3.3. SEM–EDS Analysis

Two specimens were studied from each of the six groups of materials (

Table 3. The elemental composition of the multilayer plastic materials. Amount shares are given as an average of the weight percentage (wt %) from the whole mass of the studied sample.

Polymer	PP-Box	PP-Bottle	PE-Bottle	PP+PE Foil	7-Foil	7-Box
Carbon	99.1	99.1	99.1	99.4	77.8	77.7
Nitrogen	-	-	-	-	10.2	21.0
Oxygen	-	-	-	-	8.90	-
Sodium	-	-	-	-	0.13	0.08
Magnesium	0.03	0.05	-	-	0.02	0.04
Aluminum	0.30	0.62	0.28	0.21	0.37	0.62
Silicon	-	0.11	0.06	0.05	0.10	0.10
Sulphur	-	-	-	-	0.04	-
Chlorine	-	-	-	-	1.26	0.07
Potassium	-	-	0.04	0.06	0.17	0.09
Calcium	0.22	0.11	0.12	0.05	0.09	0.14
Titanium	0.13	-	0.39	0.28	0.84	0.16
Palladium	-	-	-	-	0.00	-
Barium	0.26	-	-	-	-	-

). A closer view of the surface with an SEM device helped to find cracks and fractures from the samples and the presence of some impurities on the surfaces, but clear differences between the materials were not found. However, energy dispersive spectroscopy analyzes the chemical constituent of materials. Overall, carbon is the clearest biggest element in the studied material but in the other material groups (RIC 7), nitrogen was also included in a high concentration. The other elements present in all the groups are due to the additives or other foreign impurities present in the material. The 7-foil and 7-box groups included a wide spectrum of different elements compared to the other materials, such as the presence of chlorine, which seems to be quite an unusual material in plastic packaging. The volume of chlorine is higher for 7-foil material compared to 7-box material, which might be due to the bonding substance. The multilayer material layers were bonded by using different additive layers and the presence of numerous elements, which might also be a reason for the presence of chlorine.

4. Discussion

This study showed that the plastic waste stream includes various polymer groups, which were used for various purposes. A large volume of multilayer materials with unknown polymer groups were also included in the waste stream, consisting mostly of packaging materials, the recycling of which might cause some challenges. The possible recycling methods for polymer-based multilayer packaging has been previously studied, and two possible options, delamination or compatibilization, were proposed for the recycling of multilayer materials. In the delamination process, all layers were delaminated and separated but the process is suitable only for limited amounts of multilayer material, without economic considerations. The compatibilization step was also not an effective method due to the fluctuations of material composition [24].
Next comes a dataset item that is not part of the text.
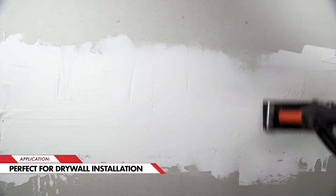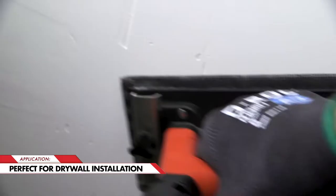Sand down your drywall and get a smooth finish every time. The six foot hose allows for a full range of movement, and the connection elbow offers 360 degrees of rotation.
The PET polymer causes some challenges in the material test which were not solved with a higher processing temperature (275 °C) than the universal melting point of polymer (260 °C). The process might cause a failure for polymers if the barrel temperature of the injection molding machine is not uniformly heated. In this case, the polymer might cool quickly after melting, which can block the nozzle. The material might also cause some challenges because of the nature of PET polymer, which is hygroscopic, so it is easily available for water molecules at melt processing temperature. According to previous literature, successful results with PET cannot be expected because the limited crystallization without nucleating agents caused poor mechanical properties [25]. In addition to the presence of nucleating agents, the problem might be avoided by drying the polymer before the injection molding process. The PET polymer is slow to crystallize and tends to become brittle during crystallization, and it also has a low glass transition temperature, which needs adjuvants for enhancements. PET within blends have weaker properties compared to the individual PET [26], so none of the excellent properties will disappear without the presence of PET. Additionally, 80% of the recycled PET bottles are turned into polyester fibers for lower-grade products [19]. Some other technologies might be more useful for more challenging polymers, such as PET, when the mixing of materials could also be verified more exactly.
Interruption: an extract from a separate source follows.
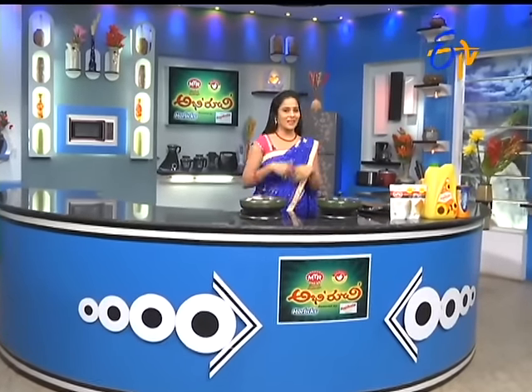Welcome to MTR Masala Abhiruchi, powered by Cephala Edible Oils and Horlicks.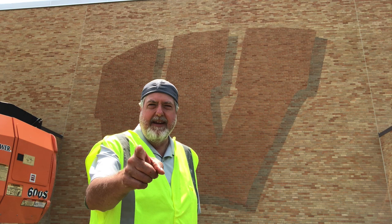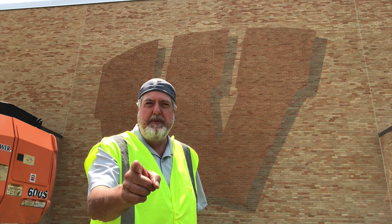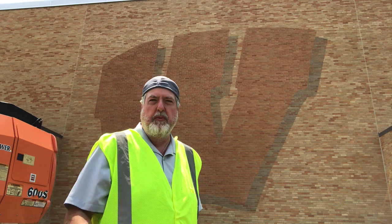It took six days, start to finish. The W is done. We put a W in the side of that gymnasium. It looks great, everybody's thrilled with it. I hope you enjoyed watching.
The strength properties of the tested materials were found to be higher for solid materials than foil materials. The solid other materials (7-box) also have features that are comparable to other solid materials. However, in the case of foils, the strength of the material group of foil (7-foil) was reduced compared to the other ones (PP+PE foil). Despite the good strength of the 7-box, it has the lowest elongation at break value, which indicates that the deformation feature is weak, and the material is ductile and brittle. Overall, the strength features of recycled materials were impaired, but this could be improved by the mixing of virgin materials. For example, the increasing content of PP in PE improved the tensile strength of the composite [27]. Testing parameters were identical for each material in the strength test in order for the comparability between materials to include none of the variables. The results from the MFI tests did not correlate strongly with the mechanical strength because the highest and lowest MFI results caused a certain best strength result. The mechanical properties of the multilayer material might be directly dependent on the dominant polymer in the blend.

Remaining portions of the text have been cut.